Here’s what’s at the the top of my Kindle right now; the stuff I most recently added or read.
It’s interesting to see that of the fifteen items on there, only two are novels. These are Colin F. Barnes‘ gritty Artificial Evil and Barry Napier‘s Broken Skies, his latest book for Severed Press (that’s the one without a cover… he was kind enough to send mean advance copy for me to read). The reason so many of those say “New” is that this is a screen-grab from my iPad, and I tend to read on my actual Kindle. This just looks prettier.
…. man am I a fan. We have Connie Willis’ best-of collection (something YOU should buy, right now.), Cat Rambo’s collection and Laird Barron’s The Beautiful Thing That Awaits Us All. I rad a story of his in Nightmare Magazine, and I saw that this collection was on free on Amazon so I downloaded it right away.
There are also magazines a-plenty.
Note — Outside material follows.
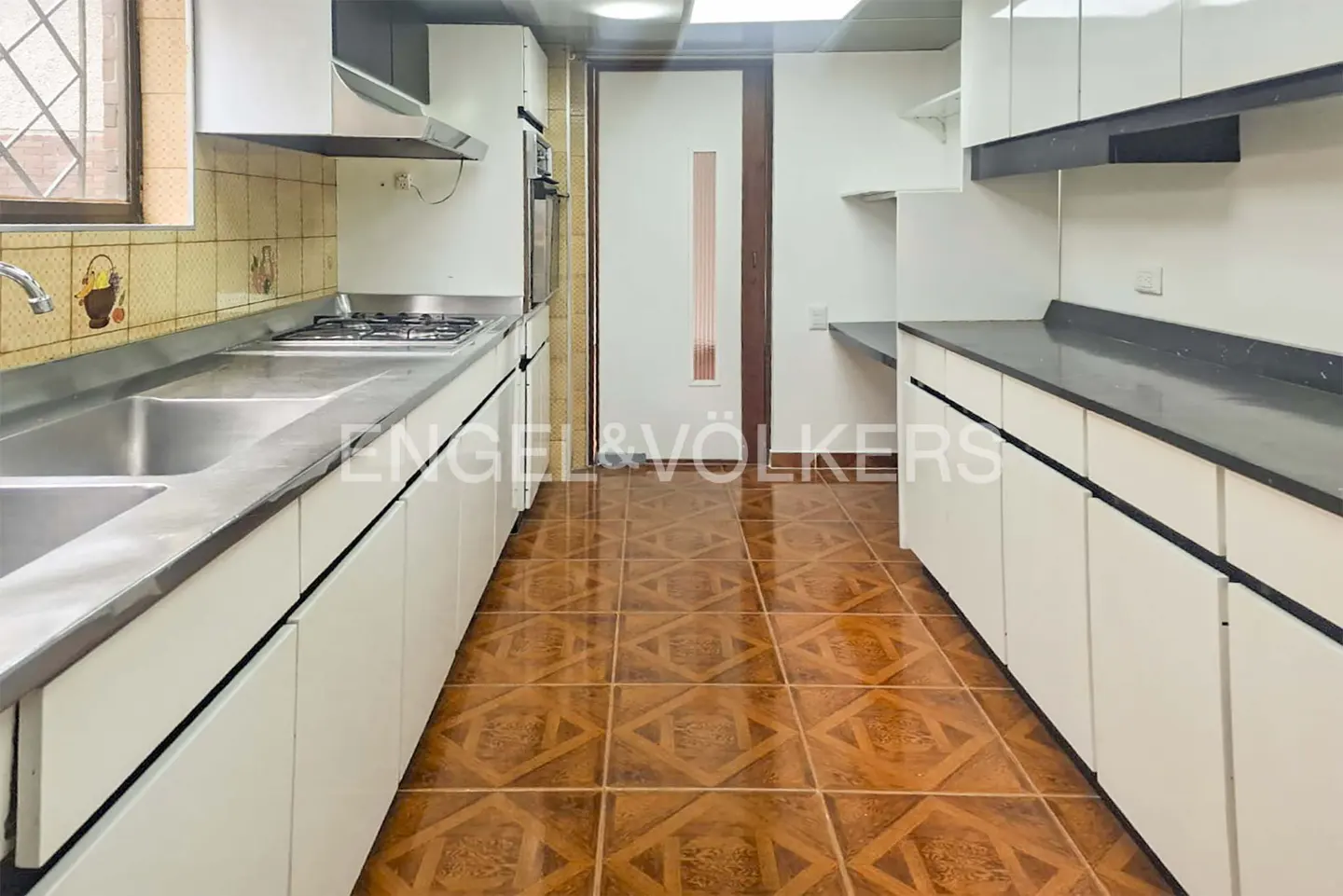 Galley kitchen with white cabinets, dark countertops, stainless steel sink, gas stove, and brown patterned tile flooring.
Three issues of Fireside (one with a story by me!), an issue of Apex, an issue of Shimmer, Beneath Ceaseless Skies and Nightmare. There’s Some of the Best from Tor.com as well, a collection of some of their finest stories (get them now, they’re free!).
There is also Hugh Howey’s short-story, The Walk up Nameless Ridge, which is excellent, by the way, and there is also a book that isn’t out until February, (another one of Colin F. Barnes’) Dead Five’s Pass.
I happen not just like genre short fiction… I am deeply in love with it.
I guess this explains why my kindle is overflowing with it, why I chose a 4000-page book of genre short stories as one of my best reads of the year over at Bookriot.
Connie Willis’ book comes with an excellent introduction (yes, I read the introductions. So should you). It has the following to say about her visits to the library, discovering science-fiction for the first time.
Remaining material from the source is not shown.